Iraqi PM's guard chief killed by militiamen in checkpoint firing

Passengers stand outside Erbil's international airport in the capital of Iraq's autonomous northern Kurdish region

Passengers stand outside Erbil's international airport in the capital of Iraq's autonomous northern Kurdish region

After a six-month blockade, the airports of the Kurdish regional capital, Irbil, and second city Sulaimaniyah will be "reopened to worldwide flights", Iraq's Prime Minister Haider al-Abadi said in a statement on Tuesday.

The Iraqi government has made a decision to reopen the airports of Erbil and Sulaymaniyah, a report in Saudi Press Agency said.

The airports are due to open "within a few days" government spokesman Saad al-Hadithi told The Associated Press.

It announced the creation of a new Directorate for Special Protection for the airports of the Kurdistan Region, "which will be under the command and control of the Federal Ministry of the Interior".

The unconstitutional poll prompted Baghdad to impose a raft of punitive sanctions on the KRG, including a ban on worldwide flights into and out of the Kurdish region.


"There is no truth in reports about an agreement between the central government and KRG on demarcating border and return of Peshmerga forces", he said.

It also specified that the biometric system used in the Kurdistan Region's airports will be linked with the federal system.

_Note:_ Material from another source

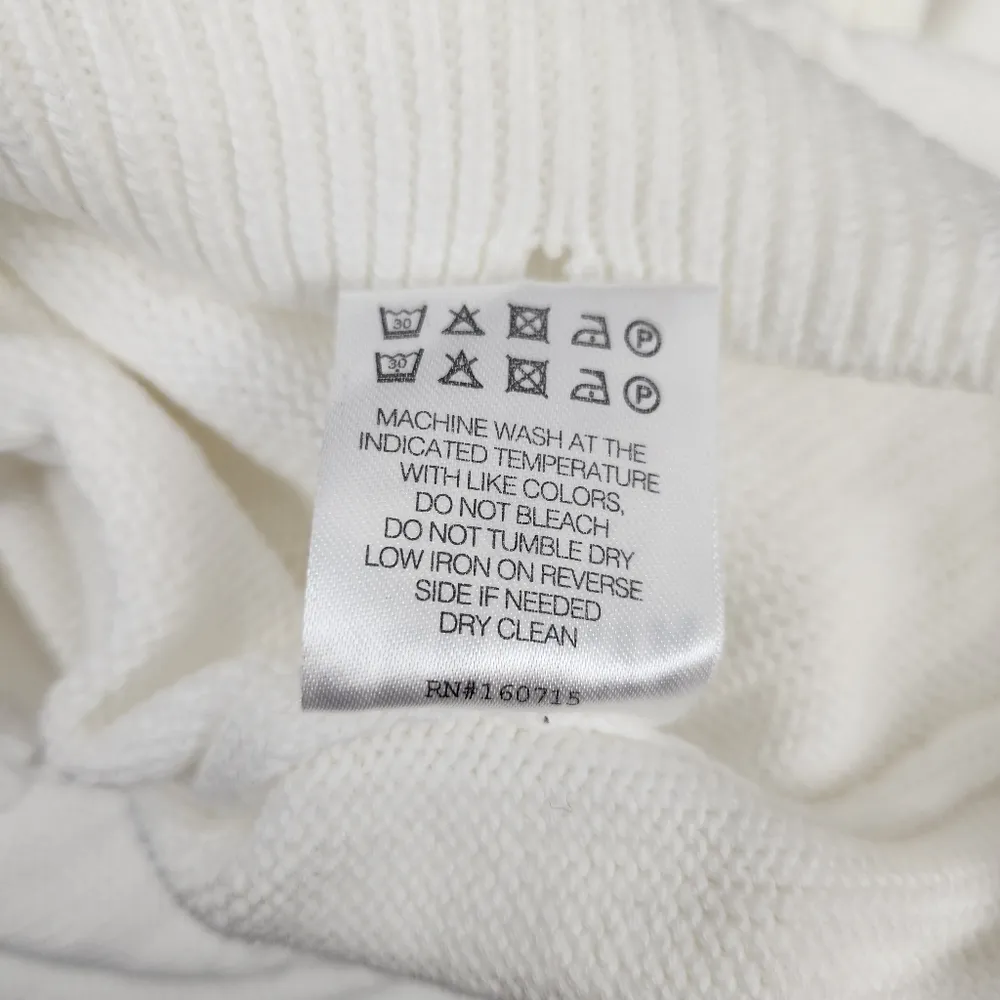 SER.O.YA Isla Dress in White Knit Size XS Sleeveless - Image 13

Abadi met with a Kurdish delegation on Tuesday, a senior Kurdish official confirmed to AFP on condition of anonymity, and the two sides agreed that the issues of security and passports would be entrusted to Baghdad.

Iraq's Kurds overwhelmingly backed independence from federal Iraq in the September 25 vote.

The Kurdish independence vote last September, though non-binding, was held across the autonomous region's three provinces as well as in some disputed territories controlled by Iraqi Kurdish security forces but claimed by Baghdad. Late previous year, following the failed independence push, federal forces recaptured the oilfields, severing a key financial lifeline for the Kurds.